For the second straight year, for example, the Cougars marched undefeated to a European football title, their fifth in six years. And for the second straight year, George, whose record at Ansbach is 48-4, was voted coach of the year by the European Football Coaches Association.
“Being selected coach of the year is a great honor,” George told the EFCA in a thank you e-mail last week. “We have had a run of great student-athletes and we enjoy fantastic school, faculty, administration, parent and community support.”
The athletes George referred to include four players voted to this year’s All-Europe team for a second time each — quarterback John Willis, running back-linebacker Xavier Sheppard, two-way lineman Jacob Burnside and defensive lineman Storm Freeman. The Cougars supplemented their All-Europe list this year with junior offensive lineman T.J. Dignan.
That nucleus helped the 2007 Cougars run their unbeaten streak to 16 games. George’s Cougars teams won a European-record 28 straight from 2002 to 2005.
“This was a special team,” George said Monday by phone. “I had six or seven kids who could have started for anybody.”
For all its winning tradition, however, Ansbach’s success in 2007 wasn’t merely a case of same-old, same-old. Instead of competing in Division III, Ansbach this year played for the first time in Division II, composed of DODDS-Europe’s second-biggest schools. Ansbach, with an enrollment of around 240 in grades 9-12, defeated all comers by an average of 42-8 and capped its season with a 44-8 triumph over 2006 champion Bitburg in the D-II title game.
The move up to Division II was a contributing factor to George’s selection, according to Steve Jewell of Wiesbaden, president of the 67-member EFCA.
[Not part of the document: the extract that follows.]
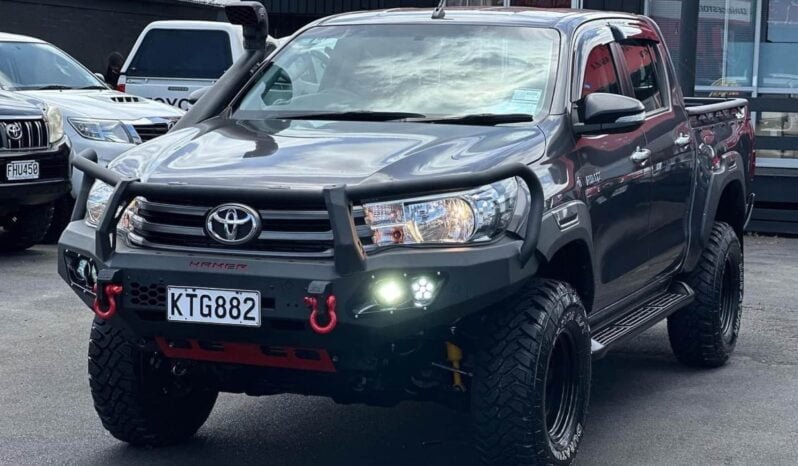 
								2017 Toyota Hilux full									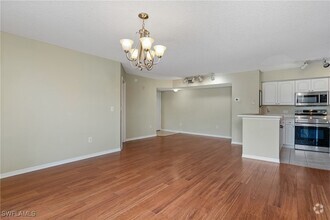 Building Photo - 8950 Colonnades Ct E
“Our members nominate the candidates, and are allowed to put a brief blurb on the form justifying their choices,” Jewell said Monday by telephone. “One of the common ones about Marcus mentioned he took a team from Division III to Division II and not only won there, but dominated.”
Not, however, without a lot of anxiety, according to George.
“This was one of the most stressful, yet rewarding, seasons we’ve ever had,” George said. “People always said we won because we played the smaller schools. This year, we knew we had to stand up and do it against some schools twice as large as we are. We did.”
Ansbach’s latest title is a record ninth for George personally. In addition to the five European championships he’s won with the Cougars, he previously guided Fulda to three straight before that school closed in 1994. He moved on to establish the football program at Hohenfels when the school opened in 1995 and won his fourth title there in 1997.
Among other candidates drawing heavy coach-of-the-year support this season, Jewell said, were Baumholder’s Carter Hollenbeck and Rota’s Robert Stovall, coaches of this year’s D-III finalists. Baumholder’s D-III crown was its first European football title since 1983, and Rota battled the Bucs all the way before falling 14-0 in the championship game.
George, refusing to take all the credit for Ansbach’s success, cited assistants Gary Feletar, Tom Dignan, Frank Mayo, Mick and Sue Plummer, “and the hardest-working member of our staff, administrative assistant Jo Barrale” in his e-mail.
“Championships,” he said, “are a team activity.”